What are we thinking?

Speaker 3 (14:54):
You?

Speaker 1 (14:54):
Okay, you know what's on my record? A gun, drugs,
and assault and ba. But not as that's a little
bit more vicious, because I think he has the intent.

Speaker 2 (15:03):
To how did you get hired here? They don't.

Speaker 1 (15:06):
I don't do background no, you know. I was explaining
that to him last night because he said, he goes,
how do you do it? I oki dote the system? Okay.
I was an intern for college, so when you apply
for an internship, they don't do a background check. So
I was an intern for like two or three years
and then they knew me. So then when it was.

Speaker 4 (15:24):
Time to get hired the job, they just gave me
the job. There was no too, there was no process.
There was no hiring process here.

Speaker 1 (15:31):
But I think if somebody came here randomly and applied
for a job here at the radio station. They would
do a background show.

Speaker 2 (15:36):
Oh really, I think I have.

Speaker 1 (15:38):
No because only you would think they were the only.

Speaker 3 (15:40):
Job they ever had were here in the Patriots. I
don't think they did a background check for that either. Yeah,
but I got it through word of mouth. It was
like Ashley Feldman told the guy about me, and then
they're hired.

Speaker 1 (15:51):
They should and listen, you got to give people a chance, especially.

Speaker 2 (15:54):
We were working a weird, a weird business.
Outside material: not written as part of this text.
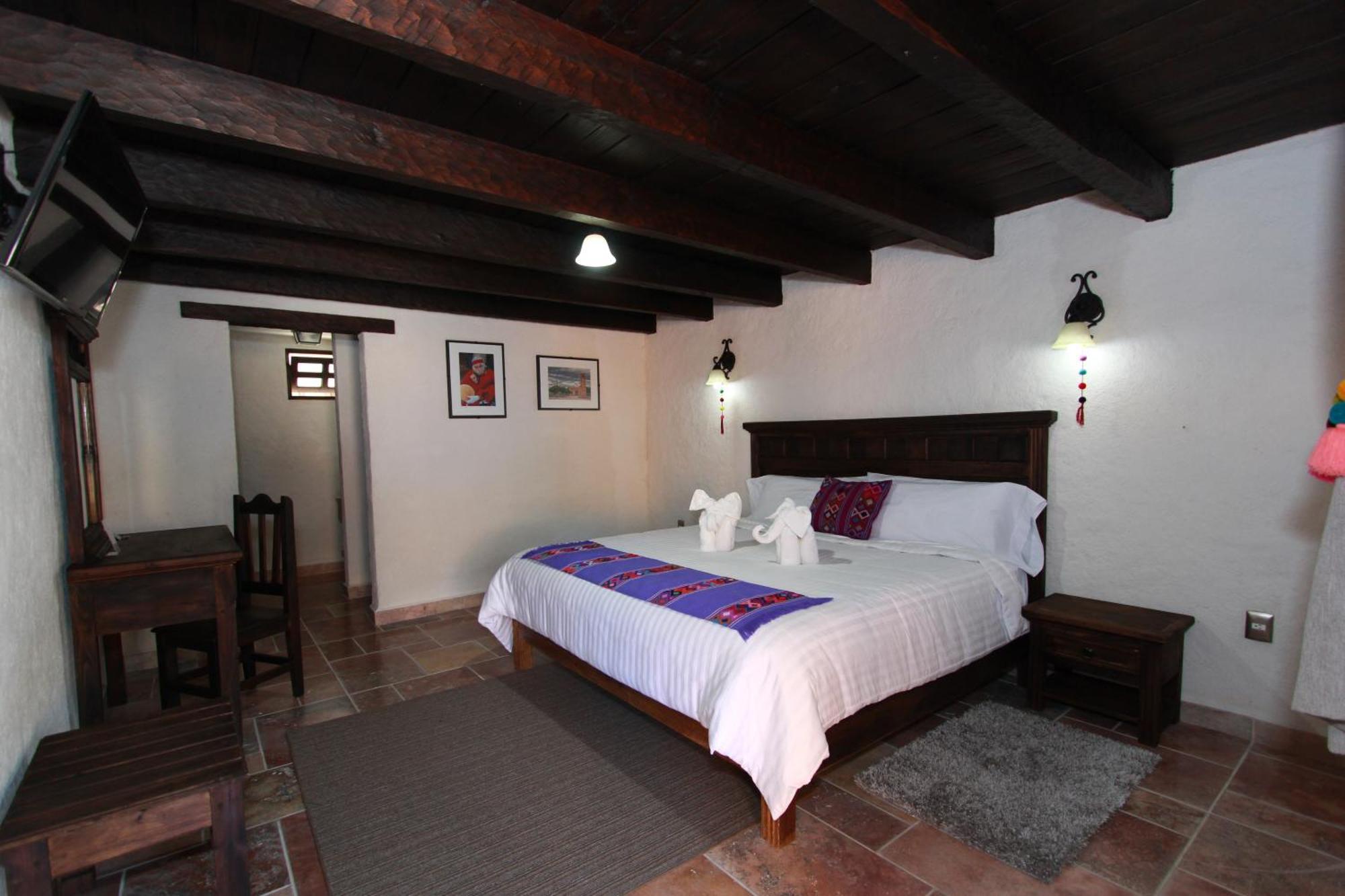 Plaza San Cristóbal Inn San Cristobal de las Casas Exterior foto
I guess
there's some people on air that are criminal.

Speaker 1 (16:00):
Yeah I'm one.

Speaker 2 (16:02):
Yeah. Well, I hope your cousin.

Speaker 3 (16:04):
Can figure it out, and I hope your grandmother goes peacefully,
thank you, and hopefully her funerals.

Speaker 2 (16:08):
On a Saturday.

Speaker 1 (16:09):
Hopefully. I don't think she's gonna have a funeral, honestly,
I don't know. Maybe a service, not a not a whole,
do the whole. My granda, my grandfather was cremated. We
had a little service at the church, but not like
the whole way.

Speaker 2 (16:24):
No, no, like waken, no funeral in the morning at
like ten am. And then no, no, no, no, sorry,
this is.

Speaker 1 (16:33):
Life when this is the way it goes, So I'll
keep everybody updated on what's going on, and that's about it.
Tomorrow's the Friday Show, so we'll have some fun on a.

Speaker 4 (16:41):
Friday Friday podcast. And when he gets some sleep, oh
fuck you, I can't. We didn't get rest up.